Let's be clear: Few people expect Olsson to pull this off, especially while he continues to compete at park-and-pipe events. Racing requires a level of physical exertion and ski-turning precision that's usually built up over many years of repetitive training. Olsson hasn't raced since he was lured off the Swedish junior national team at 18 by cash-flush action-sports sponsors.
“I want him to understand how much work and effort you have to put in to be a pro alpine skier and to qualify for the Olympics,” says Byggmark. His implication is that park-and-pipe skiers, even if they have the talent, don't have the required attention span. Olsson, five-eleven and 180 pounds, who's sponsored by Oakley and Red Bull, seems to fit that party-boy characterization. He lives in Monaco when he's not rolling to resorts in a $170,000 Lamborghini Gallardo equipped with studded tires and a ski rack.
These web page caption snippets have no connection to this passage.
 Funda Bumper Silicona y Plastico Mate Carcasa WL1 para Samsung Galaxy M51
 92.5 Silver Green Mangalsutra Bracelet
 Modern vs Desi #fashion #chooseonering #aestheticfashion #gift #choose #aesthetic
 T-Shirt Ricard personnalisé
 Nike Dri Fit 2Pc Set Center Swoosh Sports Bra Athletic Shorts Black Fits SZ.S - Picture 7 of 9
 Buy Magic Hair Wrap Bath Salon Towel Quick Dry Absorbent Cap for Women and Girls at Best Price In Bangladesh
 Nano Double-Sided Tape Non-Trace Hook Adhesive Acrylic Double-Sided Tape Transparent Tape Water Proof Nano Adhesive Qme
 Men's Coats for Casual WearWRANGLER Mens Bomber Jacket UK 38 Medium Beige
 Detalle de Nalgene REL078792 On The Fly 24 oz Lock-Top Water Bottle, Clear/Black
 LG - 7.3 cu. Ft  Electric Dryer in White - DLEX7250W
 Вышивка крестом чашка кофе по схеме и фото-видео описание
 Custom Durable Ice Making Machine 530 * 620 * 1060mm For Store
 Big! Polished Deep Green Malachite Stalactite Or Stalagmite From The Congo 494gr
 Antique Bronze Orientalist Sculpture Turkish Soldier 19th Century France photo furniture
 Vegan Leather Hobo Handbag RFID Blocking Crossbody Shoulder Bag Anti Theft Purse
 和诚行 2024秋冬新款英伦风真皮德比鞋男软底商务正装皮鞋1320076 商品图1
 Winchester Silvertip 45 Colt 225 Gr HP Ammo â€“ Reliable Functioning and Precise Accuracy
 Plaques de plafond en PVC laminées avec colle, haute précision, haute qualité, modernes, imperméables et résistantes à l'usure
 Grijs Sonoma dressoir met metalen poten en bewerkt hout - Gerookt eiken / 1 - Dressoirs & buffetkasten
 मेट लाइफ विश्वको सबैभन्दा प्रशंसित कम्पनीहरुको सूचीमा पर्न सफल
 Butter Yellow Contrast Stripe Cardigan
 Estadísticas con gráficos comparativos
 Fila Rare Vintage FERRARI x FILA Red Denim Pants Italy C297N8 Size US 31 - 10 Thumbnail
Unfortunately for Byggmark, fast living apparently translates to fast skiing. Over the summer, in his first FIS-sanctioned races with World Cup athletes, in New Zealand, Olsson finished as high as third in a GS race, beating all but one member of the Swedish national team and U.S. up-and-comer Ryan Wilson. “My first thought was, This is impossible,” says FIS event manager Niklas Carlsson, Olsson's former coach. “But he's been skiing very well.” And his coaching these days is coming from his 24-year-old brother, Hans a national-team member and videotaped footage of his runs. “I really want to make this work,” says Olsson. In New Zealand he trained with Bode Miller, who, like Olsson, is sponsored by Head skis. Olsson taped Miller's runs to watch in slow motion. Then he learned something else when a helicopter landed on the mountain and whisked Miller away for a round of afternoon golf. “I thought I was living the rock-star lifestyle,” says Olsson. “But Miller wins that competition all the way.”
This month, Olsson might need his own helicopter as he scrambles to make it from the X Games, held in Aspen January 22 25 (where he's won ten medals in the past), to a NorAm race (the level right below the World Cup), on February 2 in Alberta. Looking ahead to his year of two-timing, Olsson says, “I have every day of the next 365 planned.”